When I start a spark-notebook using docker and create a new worksheet. The next time I start it, the worksheet isn't there.
Here's the command:
docker run -v /Users/pkerp/projects/chairliftplot/:/mnt -p 9000:9000 andypetrella/spark-notebook:0.2.0-spark-1.2.0-hadoop-1.0.4
Here's the warnings / info:
15/02/09 08:38:12 WARN Remoting: Tried to associate with unreachable remote address [akka.tcp://Remote@127.0.0.1:41602]. Address is now gated for 5000 ms, all messages to this address will be delivered to dead letters. Reason: Connection refused: /127.0.0.1:41602
15/02/09 08:38:12 INFO remote.RemoteActorRefProvider$RemoteDeadLetterActorRef: Message [akka.remote.RemoteWatcher$Heartbeat$] from Actor[akka://NotebookServer/system/remote-watcher#-457307005] to Actor[akka://NotebookServer/deadLetters] was not delivered. [8] dead letters encountered. This logging can be turned off or adjusted with configuration settings 'akka.log-dead-letters' and 'akka.log-dead-letters-during-shutdown'.

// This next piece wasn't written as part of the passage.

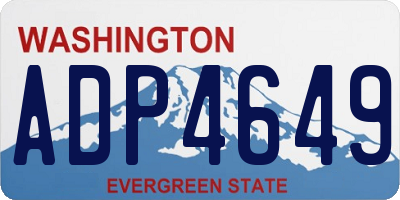 WA license plate ADP4649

Is this a misconfiguration issue or something else?
Edit:
So this problem has a few aspects to it.
- When the running docker container is closed using ctrl-c, it actually still exists. When I run it anew with the command above, it starts a separate new container that doesn't have the newly created notebook.
This can be mitigated by looking at the list of running containers using docker ps
, finding the running one and attaching to it using docker attach process_id
. The data will still be present.
- Using a mounted volume to store the notebooks to leads to a permissions issue. The directory mounted within the container only has owner write permissions, where the owner is user 1000. The spark-notebook is run as the user daemon (user id 1).
This is a long thread about this issue on github,, but no clear solution.